Elisabeth Bumiller reports for the New York Times. Excerpt:
Michael R. Bloomberg, the billionaire who is a likely Republican candidate for mayor of New York City, said in a statement yesterday that a lie detector test administered in January showed that he was truthful in denying allegations of sexual harassment by a former employee.
Mr. Bloomberg, who was traveling yesterday in Israel, said in the statement that he had decided to take the test “because I expected that those allegations would surface in the news media as I began to explore the possibility of entering the mayor’s race.”
He also released a statement from the man who administered the test, Paul K. Minor, a former chief polygraph examiner at the Federal Bureau of Investigation. “The questions during that examination were formulated solely by me,” Mr. Minor said in the statement. “I concluded that all of Mr. Bloomberg’s responses were truthful.”

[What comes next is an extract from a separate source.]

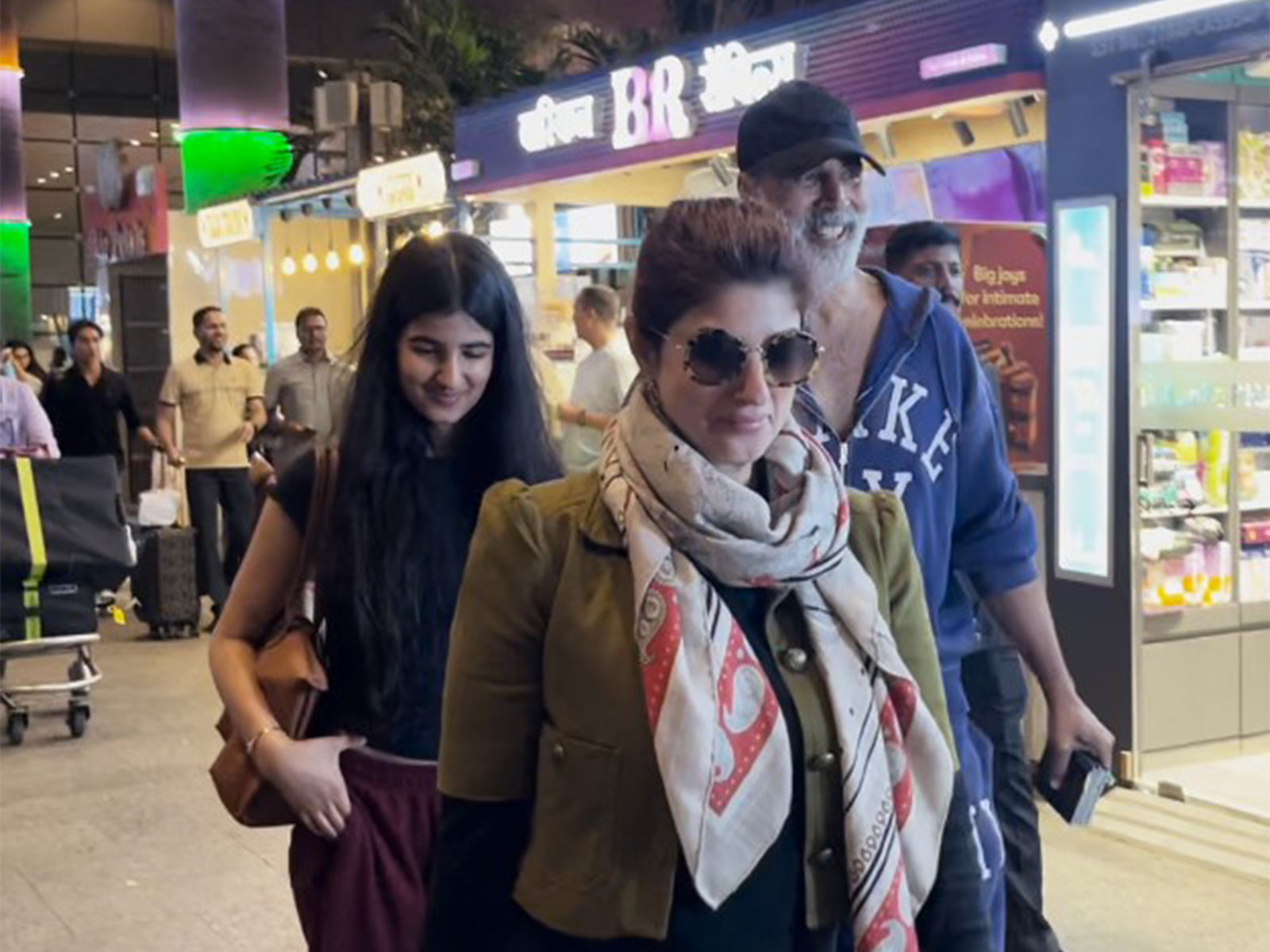 Akshay Kumar, Twinkle Khanna with daugther Nitara (Image source: ANI)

Accompanying the statement of Mr. Minor, who is now the president of a private security company in Fairfax, Va., was an eight-page résumé. Mr. Minor did not disclose what specific questions he asked Mr. Bloomberg and did not return telephone calls made to his office yesterday.

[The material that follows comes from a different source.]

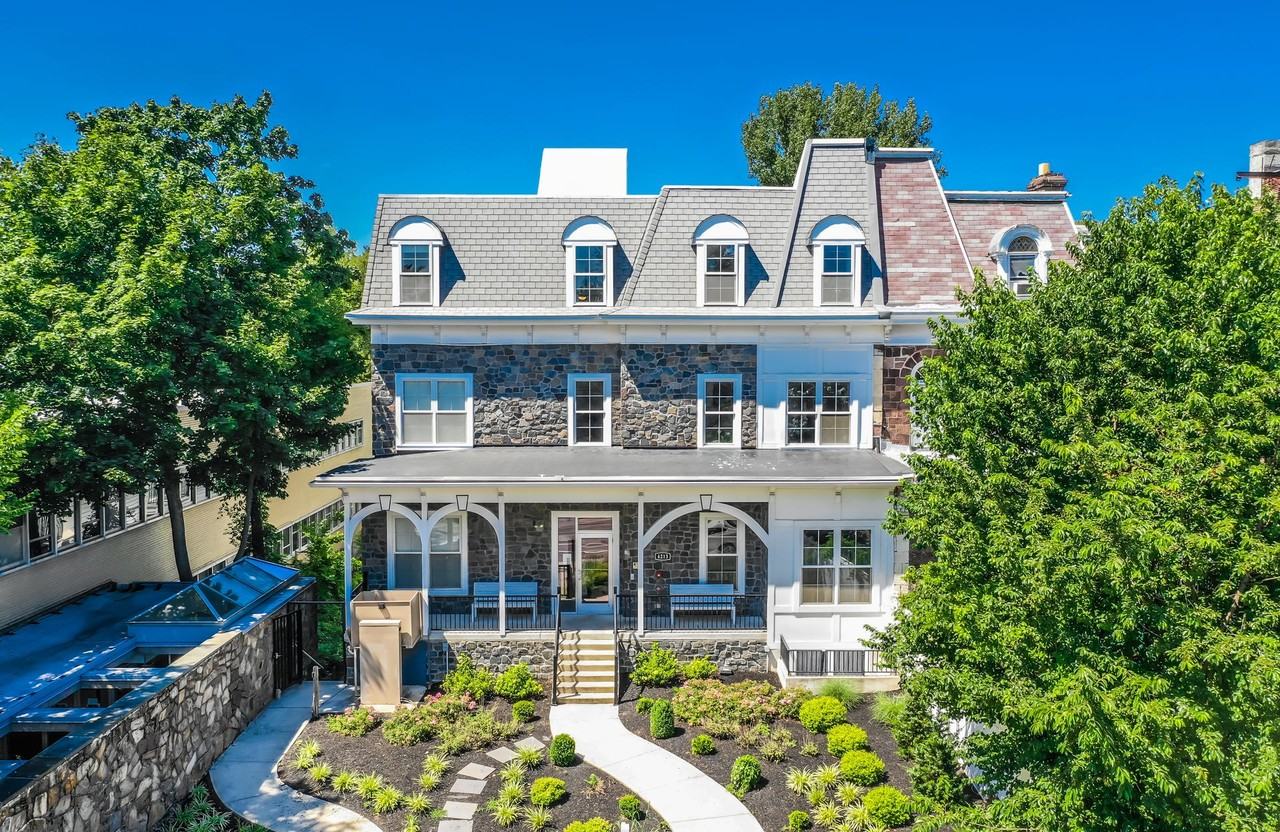 4213 Chester Avenue — Modern Living in the Heart of University City - Photo 3 of 47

Mr. Bloomberg was reacting to an article in yesterday’s Daily News that revived news of a 1997 sexual harassment suit filed by Sekiko Sekai Garrison, a former employee of Mr. Bloomberg’s giant financial information and media company, Bloomberg L.P.
New York voters should be aware that polygraph “testing” has not been demonstrated by peer-reviewed scientific research to operate at above chance levels of accuracy under field conditions. Indeed, polygraph “testing” is not a science-based procedure at all (See Chapter 1 of The Lie Behind the Lie Detector). Paul K. Minor’s reading of Mr. Bloomberg’s polygraph charts is without probative value.